An attractive way to correct for missing singles excitations in unitary coupled cluster doubles theory

TL;DR

This paper introduces novel perturbative corrections to unitary coupled cluster doubles methods to effectively recover missing single excitations, achieving results comparable to UCCSD with reduced computational cost.

Contribution

The authors develop and analyze the UCCD[4S] and UCCD[6S] methods that incorporate low-order MBPT corrections for missing singles in UCCD, improving accuracy.

Findings

Augmenting UCCD with perturbative singles corrections yields UCCSD-like results.

The new methods show significant accuracy improvements over standard UCCD.

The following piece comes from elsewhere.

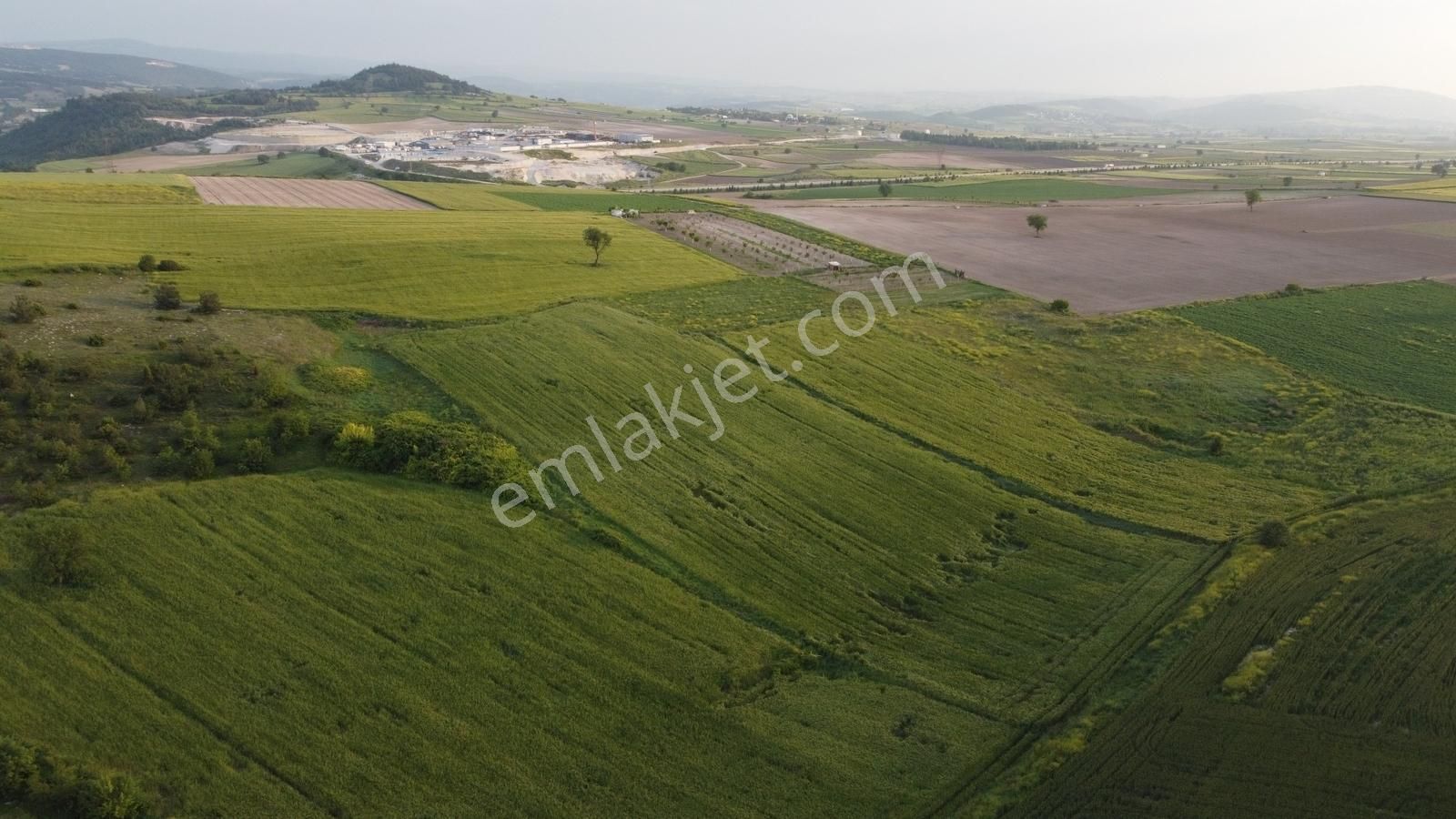 Karataş'tan Bursa Bilecik Yolunda 8350 M2 Hızlı Tren Arkası - Görsel 4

Marginal improvements observed with electron pair-restricted ansatz.

Abstract

Coupled cluster methods based exclusively on double excitations are comparatively "cheap" and interesting model chemistries, as they are typically able to capture the bulk of the dynamical electron correlation effects. The trade-off in such approximations is that the effect of neglected excitations, particularly single excitations, can be considerable. Using standard and electron pair-restricted $T_2$ operators to define two flavors of unitary coupled cluster doubles (UCCD) methods, we investigate the extent in which missing single excitations can be recovered from low-order corrections in many-body perturbation theory (MBPT) within the unitary coupled cluster (UCC) formalism. Our analysis includes the derivations of finite-order, UCC energy functionals which are used as a basis to define perturbative estimates of missed single excitations. This leads to the novel UCCD[4S] and UCCD[6S] methods, which consider energy corrections for missing singles excitations through fourth- and sixth-order in MBPT, respectively. We also apply the same methodology to the electron pair-restricted ansatz, but the improvements are only marginal. Our findings show that augmenting UCCD with these post hoc perturbative corrections can lead to UCCSD-quality results.